The six participants of the roundtable predictably fell into two groups: those insisting that Belarusian replace Russian by forceful top-down legislative action and those in favor of a patient and gradual approach, initially involving the further popularization of the language. Admittedly, the memory of the forceful Belarusianization of 1991–1994, which caused popular backlash and created favorable conditions for Lukashenka’s landslide electoral victory of 1994, is still there.

Besides language policy, opposition-minded Belarusians today are also discussing devotion to national symbols. Thus, Belsat, an online Belarusian-language TV channel broadcasting from Poland, interviewed Zianon Pazniak, the founder of the opposition party Belarusian Popular Front (BPF). He excoriated the new generation for its alleged lack of a self-sacrificing attitude toward Belarusian identity and culture. Pazniak’s verdict on youths is that “they have water in their veins instead of blood.” Pazniak has been living intermittently in Poland and the United States and has not visited his native country since he left it in 1996. According to him, Russia is purportedly keen on “squeezing out Belarusian workers from Belarus” as there is a deficit of labor in Russia. “[O]ne million Belarusians work in Russia, and they are being killed and robbed there… It is a venal and treacherous policy of this regime aimed at extracting the Belarusian population from Belarus,” he alleged during his recent Belsat interview (Belsat, November 7).

On the other hand, Viktar Martinovich, a bilingual (Russian and Belarusian) author of five novels, one of which is titled Mova (Language), argues against the idea that the new generation poses a problem for preserving Belarusian self-identity. Rather, he writes in an article for Budzma, blame lies in the foundations of national philosophy worked up “in 1989, in the cafes of Vilnius [where the founding congress of the BPF took place].” These foundations, he asserts, “are nearing the state of paranoid delirium, so they need to be reformulated” with an outlook for the future. Martinovich mocks the worn-out triad of nationalist thinking that culture and identity originates from mova, vioska, Vilnya (language, village, Vilnya—the Belarusian name for Vilnius). As he notes, the latter city used to be the seat of the Belarusian cultural elite in the beginning of the 20th century, but it is now and forever the capital of another country. Meanwhile rural villages in Belarus have become depopulated. Whereas, Minsk is home to 20 percent of Belarusians, and this proportion is only likely to grow.
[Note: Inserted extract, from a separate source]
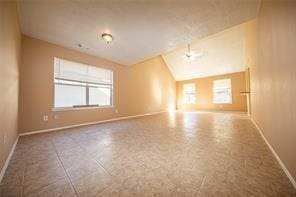 unfurnished room featuring lofted ceiling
Consequently, the true culture-identity triad today is “language, Minsk, Minsk.” Regarding language, Martinovich cautions against repeating the blunders of the early 1990s. It is obvious to him that Belarus will remain bilingual, and patient state policy is required to revive Belarusian. He also believes that business people are best positioned to promote Belarusianization in broader society because “ordinary” folks do not care about “the national idea.” Martinovich gives an example of a network of gas stations in Minsk where technicians and cashiers speak only Belarusian. Overall, “the situation whereby Belarus Segodnya conducts roundtables about the Belarusian language,” while Belaya (White) Rus, a pro-government political movement that may be on the verge of crystalizing into a true party, conducts subbotniks (days of unpaid voluntary labor, usually on Saturday) in Kuropaty (site of KGB executions in the late 1930s) are a hopeful sign, he says. “And it is going to be even better,” predicts Martinovich. One only needs to avoid making the same mistakes over and over again (Budzma, November 14).

Like Latyshonak from Białystok, who asserted Belarus’s success at nation-building, Martinovich is on to something, too. Specifically, the old “democratic” opposition appears more frozen in time than the infamous Belarusian “regime.” But if the latter is actually willing to take on the nation-building project, perhaps this is not such a bad thing. By now, the “regime” in Minsk has taken over some of the most important slogans and refrains of the opposition. And today, language is no longer a clear marker of patriotism and identity. Such evolving nuances are easy to miss. Nevertheless, they are important to grasp for anyone aspiring to understand modern-day Belarus.